The foregoing differentiation in normativeness divided the sunnah into two great divisions; one containing all those items that give rise to law and obligation (sunnah hukmiyyah), and one containing all those that do not (sunnah ghayr hukmiyyah). Within the former, various degrees of normativeness were discerned following two criteria: first, the degree of certainty of provenance (wurud) or the quality of our knowledge that those items issued from the Prophet and did so for the purpose of clarification or exemplification of the divine message; and second, the degree of certainty with which the specific connotation (dalalah), the exact identity, meaning, or form of that which is commanded, is known. This differentiation divided the sunnah hukmiyyah into qat’iyyah (absolutely certain) and zanniyyah (probable), and these divisions applied to both provenance and connotation. Obviously, legal obligation attached only to those items fulfilling the criteria of certainty in both respects.

During the lifetime of the Prophet, the sunnah was for the most part something witnessed in public. As it issued from the Prophet, people heard, saw, and understood. When they were not present and sought reassurance, they could and did refer to the Prophet and asked him directly, face to face, to satisfy their quest. After his death, the companions asked one another. When all those who attended or witnessed the event agreed, their unanimity was tantamount to certainty. For it is not possible that the Prophet's companions, with all their loyalty and sincerity, their personal differences and distinctions, could come up with the same report unless the event was real and its meaning was absolutely clear. Items of the sunnah that fit this description were called sunnah mutawatirah. The sunnah mashbuhah refers to those items that were reported by some companions - not all whose consensus could not have involved mistake, error, or misrepresentation; while sunnah ahad includes items reported by one companion known for his good memory, fidelity, and moral integrity.

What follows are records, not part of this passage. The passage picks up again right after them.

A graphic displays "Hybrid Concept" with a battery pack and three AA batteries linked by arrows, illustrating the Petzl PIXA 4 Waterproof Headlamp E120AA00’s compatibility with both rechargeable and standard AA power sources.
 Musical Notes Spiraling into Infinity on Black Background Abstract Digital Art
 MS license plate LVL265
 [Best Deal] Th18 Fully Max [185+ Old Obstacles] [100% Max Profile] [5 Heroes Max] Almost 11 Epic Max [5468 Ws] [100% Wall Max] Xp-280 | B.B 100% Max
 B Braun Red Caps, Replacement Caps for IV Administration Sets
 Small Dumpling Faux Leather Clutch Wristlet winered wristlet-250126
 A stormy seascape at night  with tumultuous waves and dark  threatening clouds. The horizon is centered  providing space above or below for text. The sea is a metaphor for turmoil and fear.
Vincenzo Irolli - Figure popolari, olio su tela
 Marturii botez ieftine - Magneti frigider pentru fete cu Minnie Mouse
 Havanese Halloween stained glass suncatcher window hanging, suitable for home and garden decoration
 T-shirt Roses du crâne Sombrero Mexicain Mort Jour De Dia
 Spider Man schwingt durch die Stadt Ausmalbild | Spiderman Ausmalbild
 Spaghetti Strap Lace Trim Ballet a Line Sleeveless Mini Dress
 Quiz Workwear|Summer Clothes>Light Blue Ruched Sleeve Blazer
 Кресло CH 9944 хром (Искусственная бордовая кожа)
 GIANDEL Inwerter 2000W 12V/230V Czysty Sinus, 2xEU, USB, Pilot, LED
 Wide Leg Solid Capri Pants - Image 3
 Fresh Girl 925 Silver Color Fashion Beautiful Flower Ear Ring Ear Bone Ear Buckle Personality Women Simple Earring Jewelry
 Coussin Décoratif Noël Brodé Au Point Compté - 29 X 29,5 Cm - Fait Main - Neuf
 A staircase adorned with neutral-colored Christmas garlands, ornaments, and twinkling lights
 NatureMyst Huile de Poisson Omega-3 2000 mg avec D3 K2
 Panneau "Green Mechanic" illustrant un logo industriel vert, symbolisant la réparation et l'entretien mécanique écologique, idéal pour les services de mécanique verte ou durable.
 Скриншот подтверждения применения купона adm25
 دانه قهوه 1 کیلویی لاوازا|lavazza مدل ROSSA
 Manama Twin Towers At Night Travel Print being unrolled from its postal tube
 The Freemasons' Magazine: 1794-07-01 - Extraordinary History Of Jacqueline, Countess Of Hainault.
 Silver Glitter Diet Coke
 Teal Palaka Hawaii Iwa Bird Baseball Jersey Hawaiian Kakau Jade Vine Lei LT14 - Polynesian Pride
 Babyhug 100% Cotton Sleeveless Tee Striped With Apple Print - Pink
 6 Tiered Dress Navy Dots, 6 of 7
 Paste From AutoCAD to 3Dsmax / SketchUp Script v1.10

Across these divisions lies the distinction between fi`liyyah (action) and qawliyyah (verbal). The former refers to deeds of the Prophet, done once, occasionally, or repeatedly under the witness of the public. To this group belong the rituals and institutions of Islam which continue to be practiced throughout the Muslim world with astounding identity despite the centuries that separate their practice from the Prophet and the total discontinuity of geography, ethnicity, language, and culture among the world's followers of the Prophet. The latter comprises the Prophet's sayings heard by others and necessarily involving a lesser degree of certainty than something witnessed, unless - again like the rituals and institutions - they were repeated on a daily, weekly or yearly basis.

The sunnah thus was heard, witnessed, memorized, recorded, and transmitted to posterity. Since the third century A.H., it has been known through six canonical collections called the sihah (sing. sahih). By order of the rigor with which they carried out their sifting and classification, the collectors of the sihah were al Bukhari (256/870), Muslim (251/865), Abu Da'ud (275/888), Ibn Majah (273/886), al Nasa'i (303/915), and al Tirmidhi (279/892). Among these, the first two stand apart, acknowledged by all Muslims as more critical and authoritative than the rest. Those items commonly found in both their texts are most authoritative of all.